Resurgence of Pragmatism

The resurgence of pragmatism in legal thought reflects a widespread perception that in


recent years legal thinking has been unduly theoretical and abstract. One familiar
explanation-albeit only a partial one-for this tendency suggests that Brown v. Board of
Education and later Roe v. Wade prompted a crisis of constitutional legitimacy and
provoked constitutional scholars to ever loftier flights of theoretical abstraction in their
efforts to defend those decisions. In the long run, however, this project of theory-building
has proven unsatisfying. Each of the landmarks mentioned above has been severely
eroded, if not entirely overthrown. The movement toward grand theory, it may now seem,
represented a wrong turn; and it is time for retrenchment to the more solid ground of
experience, practice, and common sense. A counter diagnosis, however, deserves to be
considered. In a different sense, such theorizing does not appear grand at all, but rather
unusually and deliberately modest.
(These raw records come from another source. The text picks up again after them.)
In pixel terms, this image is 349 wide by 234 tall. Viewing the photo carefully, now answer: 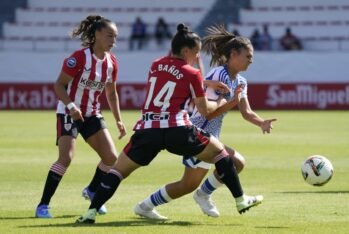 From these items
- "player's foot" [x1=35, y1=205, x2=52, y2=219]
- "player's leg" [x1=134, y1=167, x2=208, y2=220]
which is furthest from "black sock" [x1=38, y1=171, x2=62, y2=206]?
"player's leg" [x1=134, y1=167, x2=208, y2=220]

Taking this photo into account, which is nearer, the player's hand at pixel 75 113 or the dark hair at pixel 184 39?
the dark hair at pixel 184 39

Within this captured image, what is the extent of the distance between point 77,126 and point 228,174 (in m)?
2.05

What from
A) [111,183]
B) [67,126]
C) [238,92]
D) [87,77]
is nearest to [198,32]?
[87,77]

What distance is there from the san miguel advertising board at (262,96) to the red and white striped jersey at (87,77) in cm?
2886

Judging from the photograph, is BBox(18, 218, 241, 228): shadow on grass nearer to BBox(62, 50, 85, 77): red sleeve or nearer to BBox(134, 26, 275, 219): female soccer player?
BBox(134, 26, 275, 219): female soccer player

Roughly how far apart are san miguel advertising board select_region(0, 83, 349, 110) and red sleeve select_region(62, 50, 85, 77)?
29.1 metres

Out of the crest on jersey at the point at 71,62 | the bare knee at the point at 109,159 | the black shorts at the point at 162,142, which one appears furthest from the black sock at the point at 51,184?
the black shorts at the point at 162,142

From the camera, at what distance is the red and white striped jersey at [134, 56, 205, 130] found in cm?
979

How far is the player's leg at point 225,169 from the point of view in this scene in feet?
32.7

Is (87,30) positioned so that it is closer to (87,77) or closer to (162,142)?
(87,77)

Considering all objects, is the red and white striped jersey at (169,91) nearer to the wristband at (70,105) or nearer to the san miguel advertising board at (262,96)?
the wristband at (70,105)

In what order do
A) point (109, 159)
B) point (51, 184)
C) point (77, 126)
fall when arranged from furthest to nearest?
point (109, 159) → point (77, 126) → point (51, 184)

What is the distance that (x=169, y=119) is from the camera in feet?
32.2

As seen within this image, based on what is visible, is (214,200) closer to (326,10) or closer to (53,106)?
(53,106) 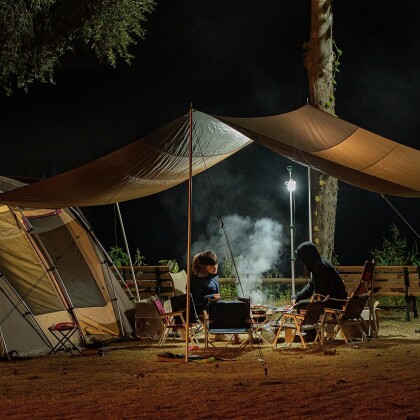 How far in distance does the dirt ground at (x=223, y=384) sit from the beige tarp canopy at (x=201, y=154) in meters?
1.87

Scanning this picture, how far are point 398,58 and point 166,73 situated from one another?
7.63 m

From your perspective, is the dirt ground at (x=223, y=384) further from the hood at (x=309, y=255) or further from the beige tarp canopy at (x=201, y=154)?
the beige tarp canopy at (x=201, y=154)

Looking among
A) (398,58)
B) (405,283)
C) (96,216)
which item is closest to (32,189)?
(405,283)

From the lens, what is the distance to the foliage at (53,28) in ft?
42.8

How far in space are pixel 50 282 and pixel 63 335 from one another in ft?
3.54

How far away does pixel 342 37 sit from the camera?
20984 millimetres

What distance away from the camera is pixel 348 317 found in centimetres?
873

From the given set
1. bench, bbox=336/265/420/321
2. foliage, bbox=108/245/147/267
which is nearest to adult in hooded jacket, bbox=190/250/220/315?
bench, bbox=336/265/420/321

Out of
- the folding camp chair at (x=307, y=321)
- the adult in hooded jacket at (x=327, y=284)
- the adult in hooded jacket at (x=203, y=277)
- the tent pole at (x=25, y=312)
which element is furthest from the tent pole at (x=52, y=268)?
the adult in hooded jacket at (x=327, y=284)

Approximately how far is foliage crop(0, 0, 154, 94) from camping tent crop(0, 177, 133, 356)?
181 inches

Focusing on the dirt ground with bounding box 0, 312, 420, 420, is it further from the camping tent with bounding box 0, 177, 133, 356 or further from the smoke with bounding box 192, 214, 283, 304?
the smoke with bounding box 192, 214, 283, 304

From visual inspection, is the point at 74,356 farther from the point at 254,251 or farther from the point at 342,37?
the point at 342,37

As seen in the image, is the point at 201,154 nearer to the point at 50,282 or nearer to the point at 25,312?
the point at 50,282

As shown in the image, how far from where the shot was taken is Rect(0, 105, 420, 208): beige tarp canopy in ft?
25.7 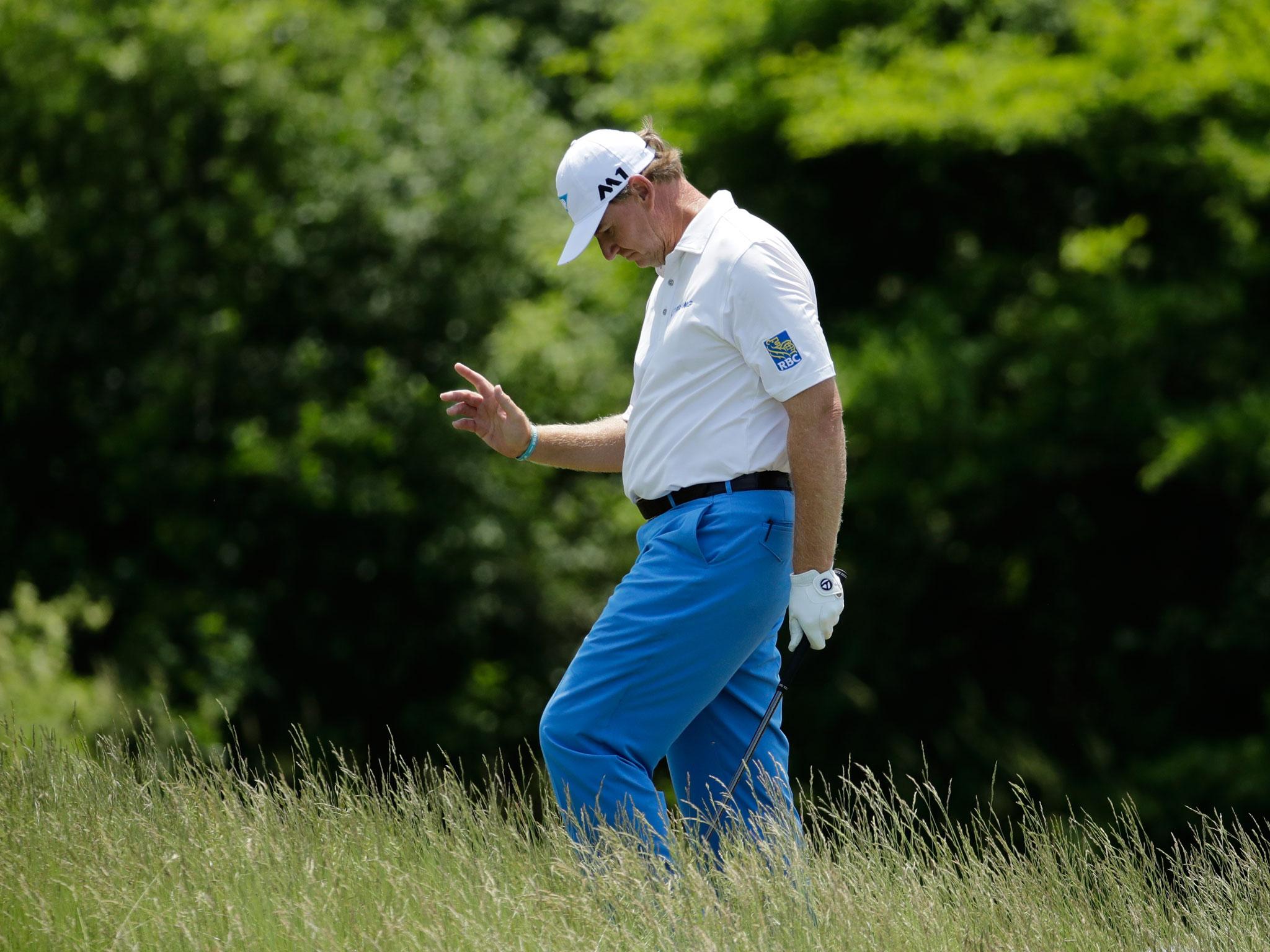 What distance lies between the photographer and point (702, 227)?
3535 mm

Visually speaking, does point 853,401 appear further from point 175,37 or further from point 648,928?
point 648,928

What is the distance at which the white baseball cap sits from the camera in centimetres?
354

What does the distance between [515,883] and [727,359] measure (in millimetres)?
1239

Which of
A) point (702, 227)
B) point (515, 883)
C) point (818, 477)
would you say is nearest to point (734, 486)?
point (818, 477)

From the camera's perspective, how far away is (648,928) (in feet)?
9.60

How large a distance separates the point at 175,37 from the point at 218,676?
17.3 ft

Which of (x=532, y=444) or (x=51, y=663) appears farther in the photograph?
(x=51, y=663)

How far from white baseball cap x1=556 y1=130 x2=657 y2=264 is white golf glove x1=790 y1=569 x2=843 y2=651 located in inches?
36.2

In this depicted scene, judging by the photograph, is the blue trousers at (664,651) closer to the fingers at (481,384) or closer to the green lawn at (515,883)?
the green lawn at (515,883)

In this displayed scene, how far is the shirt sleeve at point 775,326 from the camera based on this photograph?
130 inches

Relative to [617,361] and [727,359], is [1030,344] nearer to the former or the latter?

Theories studiously avoided addressing the perennial
ethical, existential, or theological issues such as the nature of man or of the good, or the
meaning or purpose of life. On the contrary to their core, the theories suggested that
government and law must not take positions on questions such as these. Such theories did
not merely decline to address such questions, but devoted themselves to insulating the
law from moral and theological thinking that might arise in other disciplines or in the
culture generally.

Anti-Grand Theory

The theorizing has proven unsatisfying not because it was too ambitions, but rather
because it was so aggressively unambitious. Pragmatism tries for neutrality by avoiding
making difficult and controversial substantive judgments upon fundamental human
questions. The remedy, if there is one, for the failures of recent theorizing lies not in a
pragmatic flight from theory, but rather in better and more courageous theorizing. And
the more promising recent development in legal thought lies not in the revival of legal
pragmatism, but rather in the renewal of interest in what is awkwardly called natural law.

Notes

Pragmatism- a philosophical movement that includes those who claim that an ideology or
proposition is true if it works satisfactorily, that the meaning of a proposition is to be
found in the practical consequences of accepting it, and that unpractical ideas are to be
rejected.

Dworkin- Acting on the premise that law is a seamless web, one is required to construct
the theory that best fits and justifies the law as a whole in order to decide a particular
case. The person will always come to the right answer.